START INPUT DATA
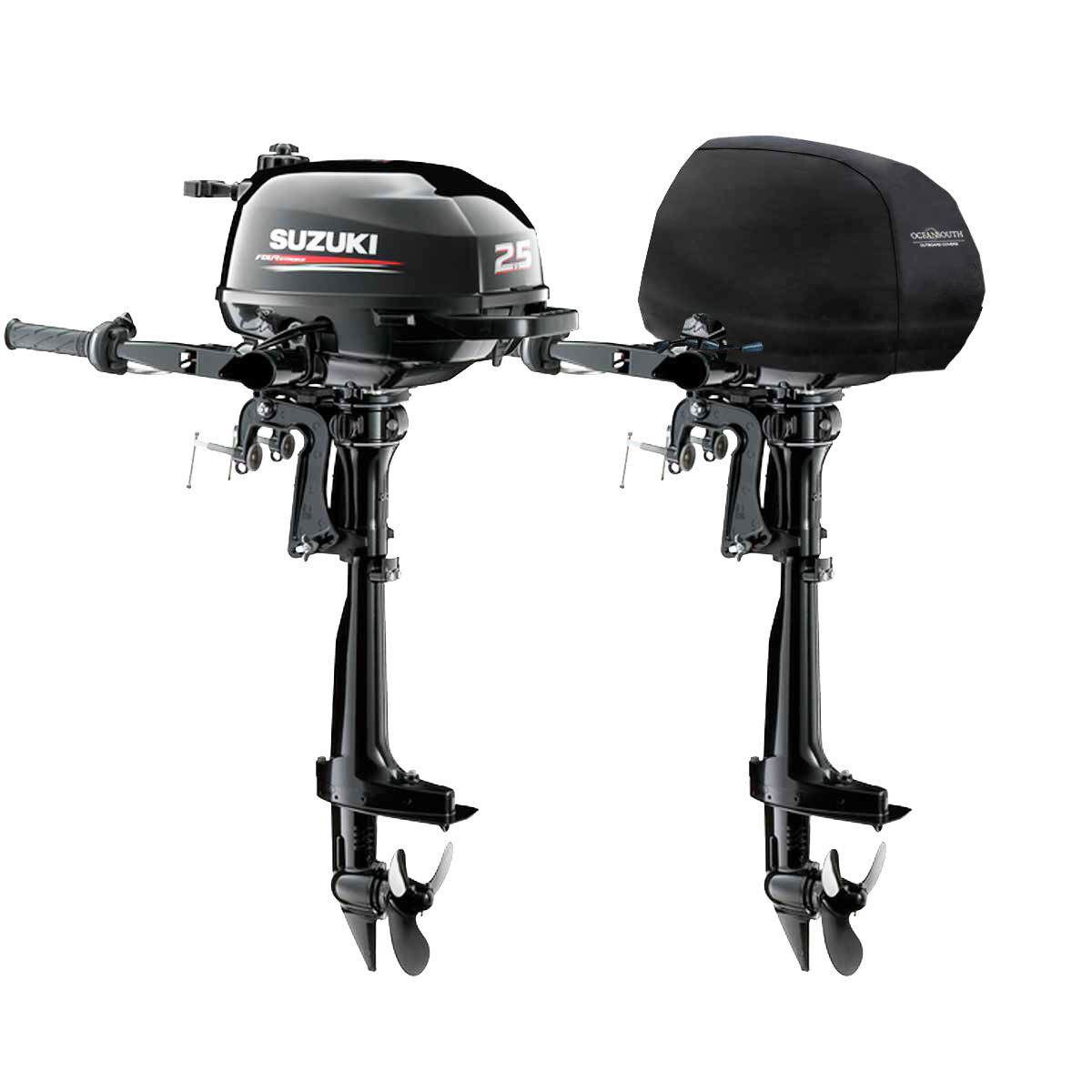 SUZUKI 1CYL 68cc DF2.5 STORAGE COVER (2006>)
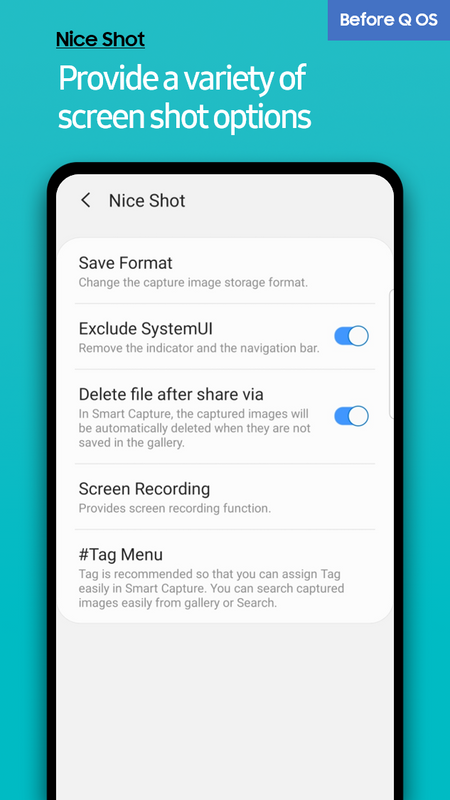 Image showing NotiStar running on a Samsung phone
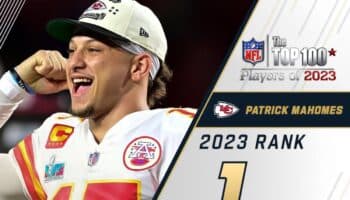 NFL: Jugadores eligen a Patrick Mahomes como el mejor de la liga en 2023
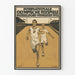 Vintage-Poster der Internationalen Olympischen Spiele Düsseldorf 1913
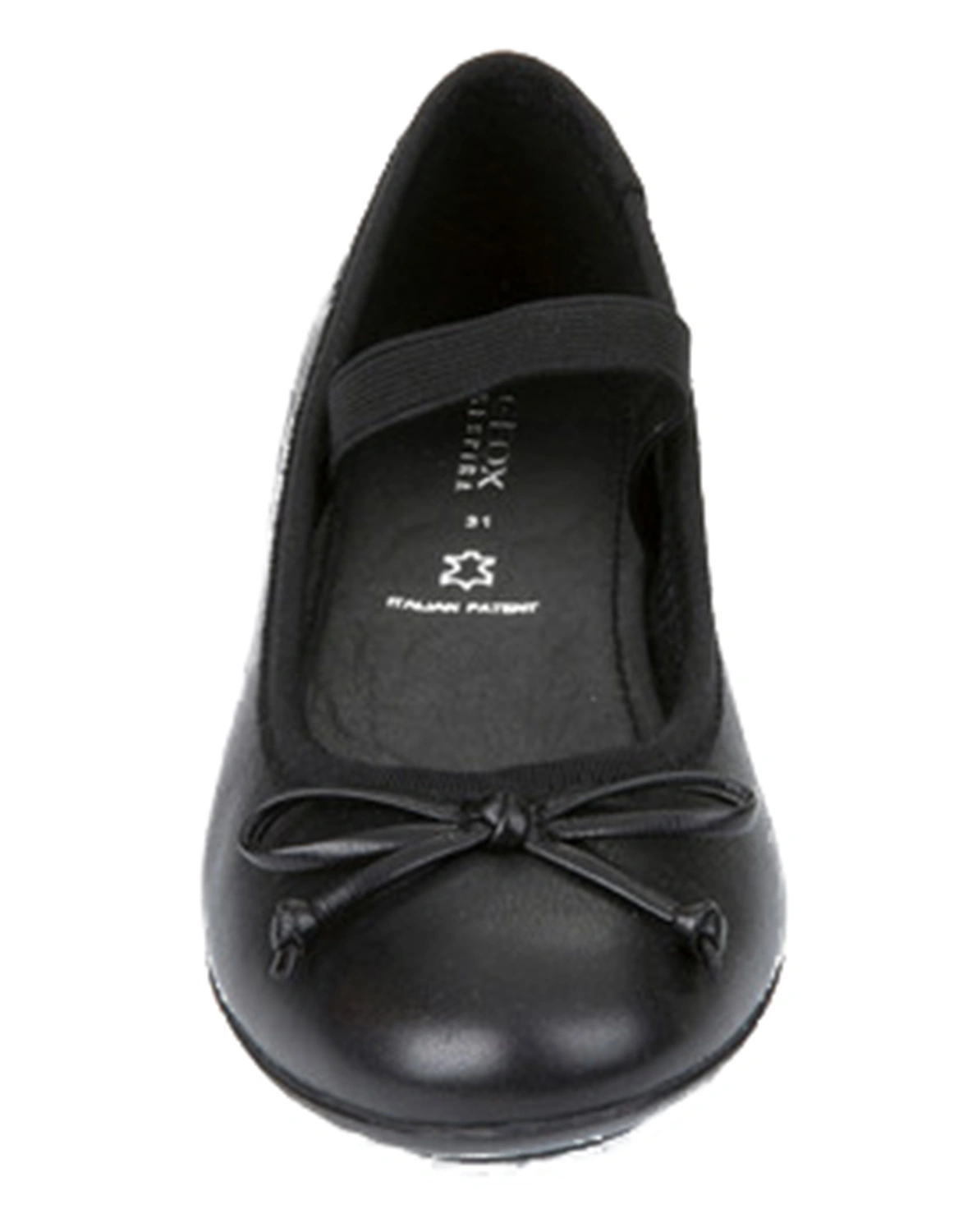Riemchen-Ballerinas PLIE'B in schwarz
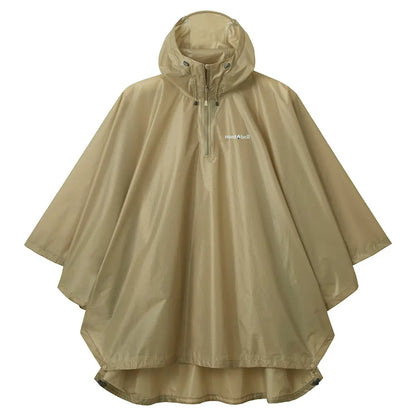 mont-bell: Trekking Rain Poncho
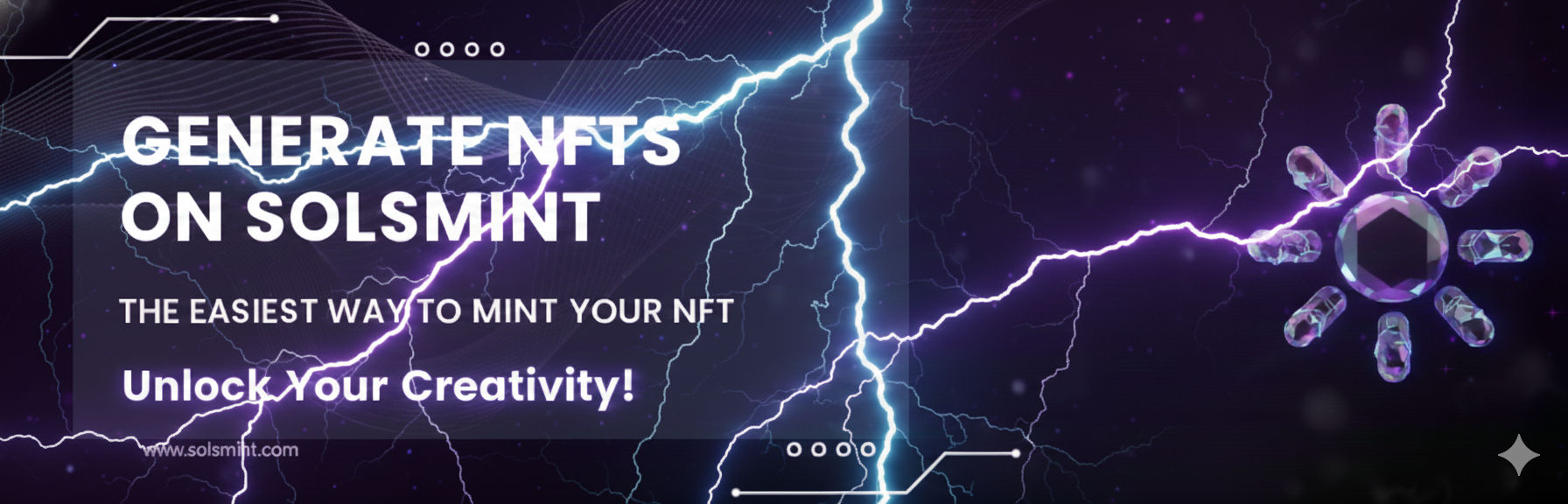 Generate NFTs on Solsmint The Easiest Way to Mint Your NFT on Solana
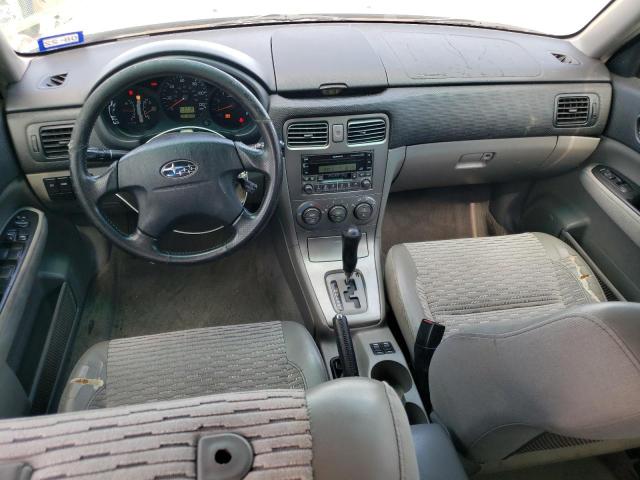 JF1SG656X3H767130 - 2003 SUBARU FORESTER 2.5XS Сріблястий фото 8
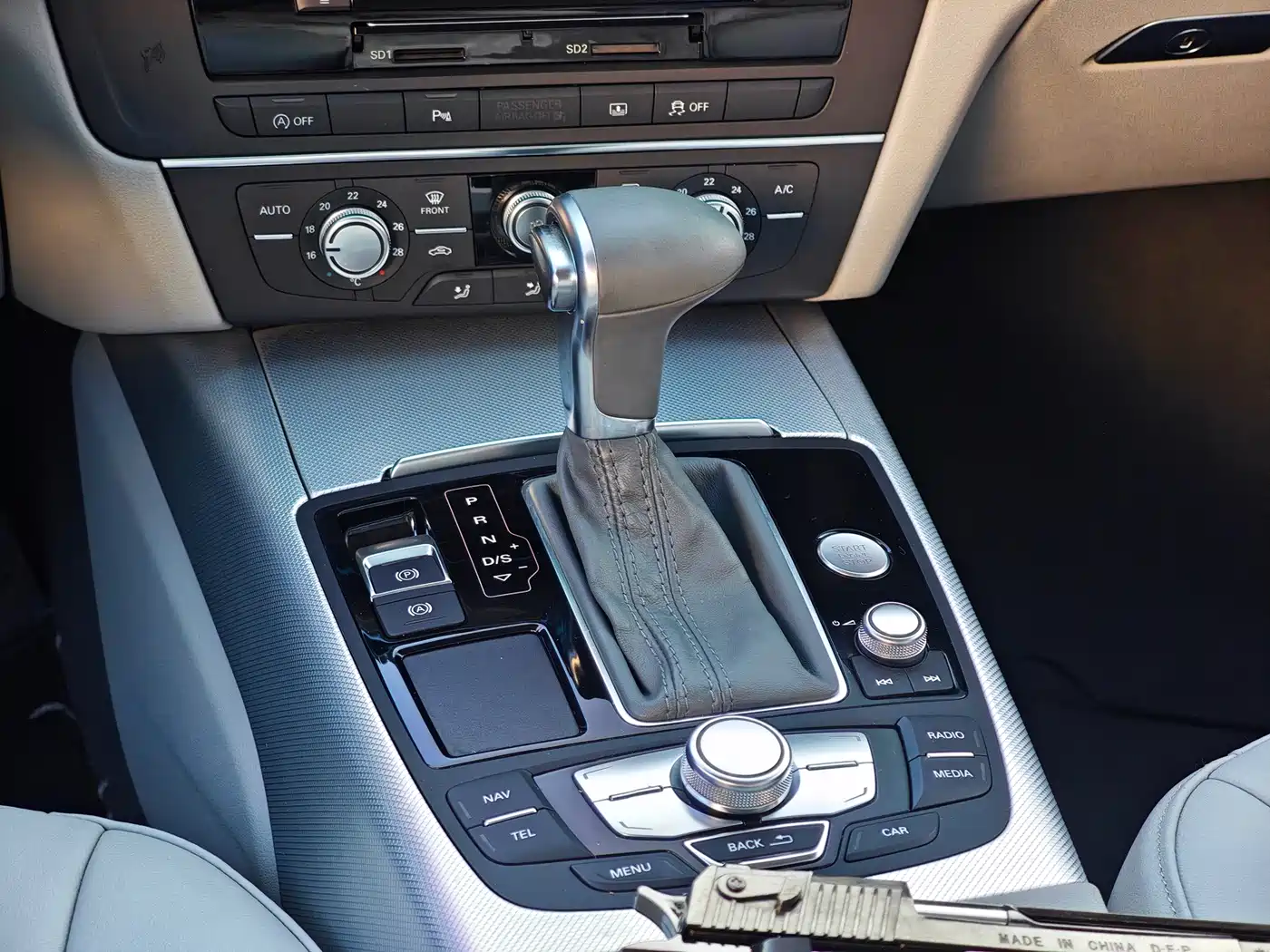 Audi A6L 2014 TFSI Standard фото 11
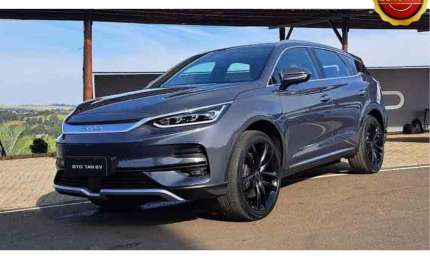 Byd tan 2025 ev 4x4 elétrico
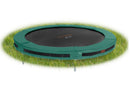 Universele InGround Trampoline Rand HD Ø270 - Groen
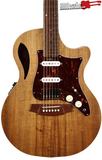 Cole Clark TL Thinline TL2EC-BLBL-HSS Acoustic Electric Guitar
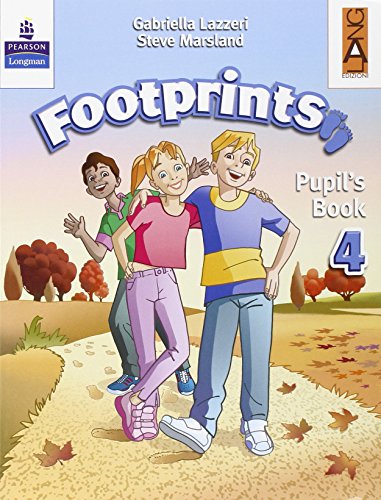 Beispielbild fr Footprints. Pupil's book. Per le Scuole elementari: 4 zum Verkauf von medimops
END INPUT DATA
— TASK ITEM —
Only the text of the material belongs in your copy, which must match the original exactly.

— SOLUTION TO THIS TASK —
 SUZUKI 1CYL 68cc DF2.5 STORAGE COVER (2006>)
 Image showing NotiStar running on a Samsung phone
 NFL: Jugadores eligen a Patrick Mahomes como el mejor de la liga en 2023
 Vintage-Poster der Internationalen Olympischen Spiele Düsseldorf 1913
Riemchen-Ballerinas PLIE'B in schwarz
 mont-bell: Trekking Rain Poncho
 Generate NFTs on Solsmint The Easiest Way to Mint Your NFT on Solana
 JF1SG656X3H767130 - 2003 SUBARU FORESTER 2.5XS Сріблястий фото 8
 Audi A6L 2014 TFSI Standard фото 11
 Byd tan 2025 ev 4x4 elétrico
 Universele InGround Trampoline Rand HD Ø270 - Groen
 Cole Clark TL Thinline TL2EC-BLBL-HSS Acoustic Electric Guitar
 Beispielbild fr Footprints. Pupil's book. Per le Scuole elementari: 4 zum Verkauf von medimops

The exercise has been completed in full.